La Justicia volvió a cerrar una causa por estafas mediante acuerdos entre la fiscalía, los imputados y las víctimas. Las condenas alcanzan a integrantes de la familia Esteban, todos gitanos. Daniel Esteban recibió 3 años de prisión de ejecución condicional por 10 hechos de estafa, Facundo Gustavo Esteban 3 años de prisión condicional por 8 hechos de estafa y Gabriel Elías Esteban sentenciado a 2 años y 6 meses de prisión condicional por 6 hechos de estafa.
Los condenados admitieron su responsabilidad, reconocieron haber participado en maniobras fraudulentas y aceptaron la condena. Sin embargo, no irán a prisión efectiva. Como parte del acuerdo los integrantes de la familia zíngara entregaron 33 millones de pesos y una camioneta utilizada en una de las maniobras. Aquí no está en discusión la legalidad del acuerdo. La ley permite, en determinados casos, este tipo de soluciones. La verdadera discusión es otra: ¿qué mensaje recibe la sociedad? Porque mientras miles de ciudadanos trabajan todos los días para ganarse el sustento con esfuerzo y honestidad, otros organizan maniobras de estafa, perjudican a varias víctimas y terminan resolviendo su situación con penas condicionales, reglas de conducta y reparaciones económicas.

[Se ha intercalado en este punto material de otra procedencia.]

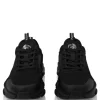 Philipp Plein Lo-Top Sneakers black Outlet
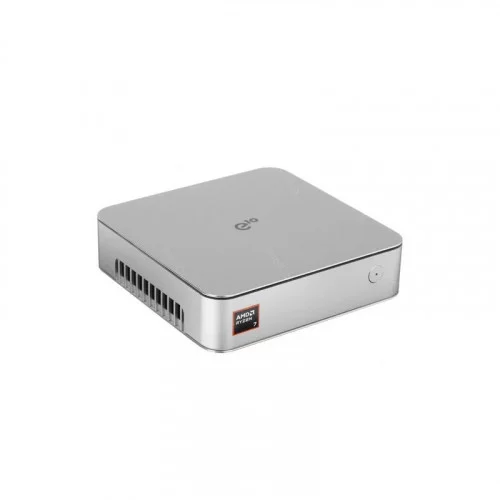 Мини ПК Acer Gadget E10 ERBox X 2026 (1747606) 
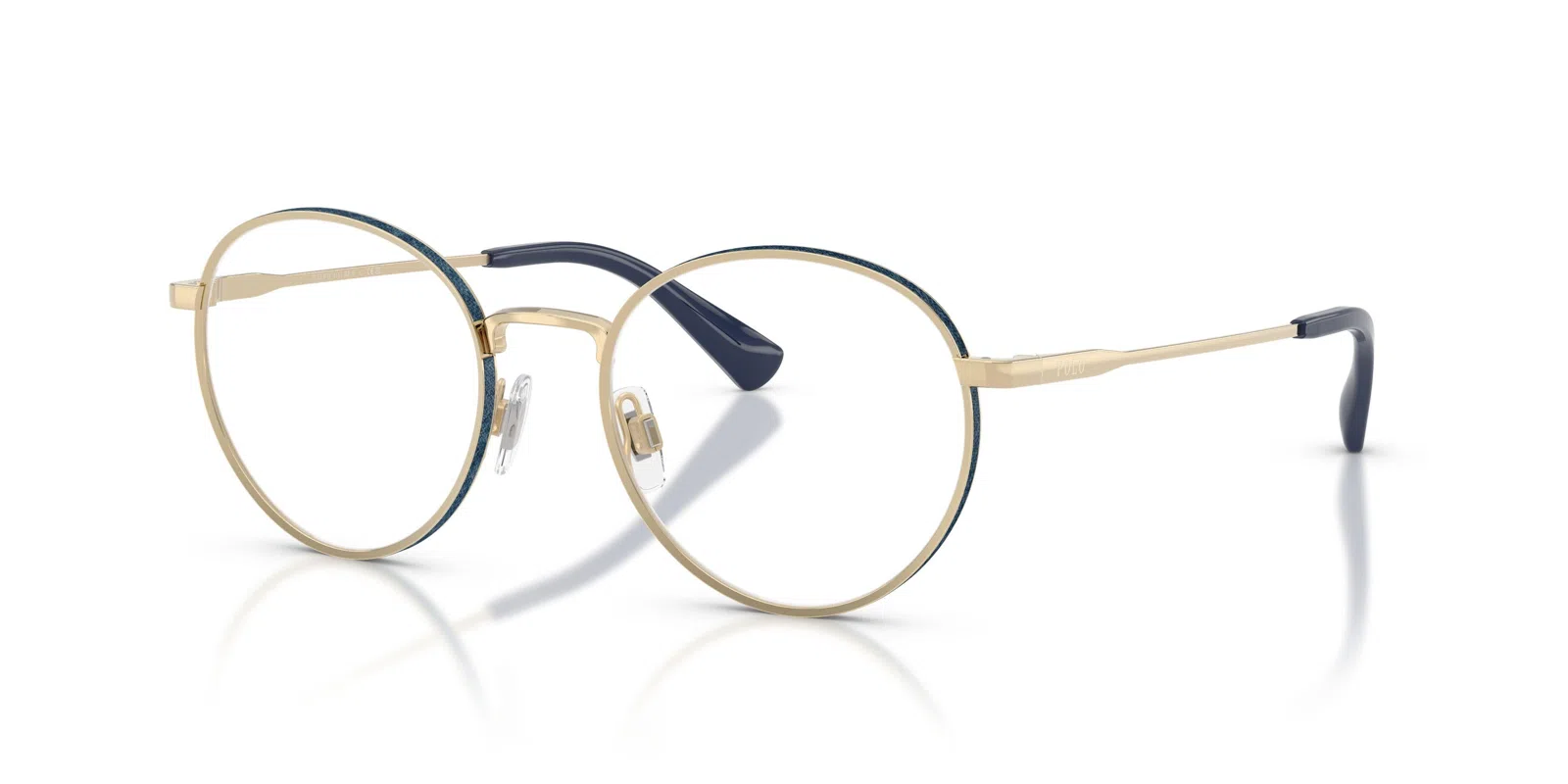 Polo 1241 Eyeglasses - view 29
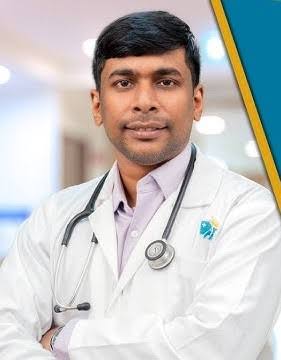 doctorProfileImage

La fiscalía sostiene que estos acuerdos permiten obtener condenas rápidas, evitar juicios largos y garantizar algún tipo de reparación para las víctimas. Es un argumento válido pero también es válido preguntarse si ese camino alcanza para desalentar a quienes hacen del engaño una forma de vida. Porque cuando las estafas se repiten, cuando aparecen nuevas víctimas y cuando los expedientes muestran un mismo mecanismo delictivo una y otra vez, la sociedad espera algo más que una condena escrita en un papel. Espera una señal clara de que delinquir tiene consecuencias. No se trata de pedir castigos ejemplares por impulso, se trata de proteger la confianza pública. Porque el patrimonio de una familia no es un número. Muchas veces son los ahorros de toda una vida.
De acuerdo con la investigación del Ministerio Público Fiscal, los imputados desplegaron un esquema reiterado de estafas mediante la publicación de vehículos —principalmente camionetas— en redes sociales y plataformas de compraventa, utilizando identidades falsas o perfiles de terceros. Tras contactar a las víctimas, las convocaban a viajar a Neuquén para concretar la compra. En ese contexto, exhibían vehículos y documentación para generar confianza, recibían el dinero y luego alegaban supuestos inconvenientes administrativos vinculados a la AFIP o al Registro del Automotor para justificar la falta de transferencia. Con ese argumento postergaban la entrega de los vehículos hasta interrumpir completamente el contacto, dejando a las víctimas sin las unidades adquiridas. E l dinero para comprar un vehículo, el esfuerzo de años de trabajo y cuando ese esfuerzo desaparece por una estafa, el daño no se mide solamente en pesos, se mide en angustia, frustración y desconfianza.
Si el objetivo del sistema penal es prevenir nuevos delitos, ¿qué efecto producen estas decisiones? Porque la Justicia no sólo debe resolver expedientes también debe transmitir un mensaje. Y ese mensaje debería ser claro para todos que quien elige vivir del engaño sepa que tarde o temprano responderá por sus actos, y que las víctimas nunca sientan que el sistema fue más rápido para cerrar una causa que para reparar el daño que sufrieron.
Las condenas condicionales a integrantes de la familia Esteban y la revisión de la absolución por asociación ilícita en la causa de los planes sociales reavivan una misma pregunta: ¿alcanzan estas respuestas para reparar el daño, desalentar nuevos delitos y devolverle a la sociedad la confianza en las instituciones?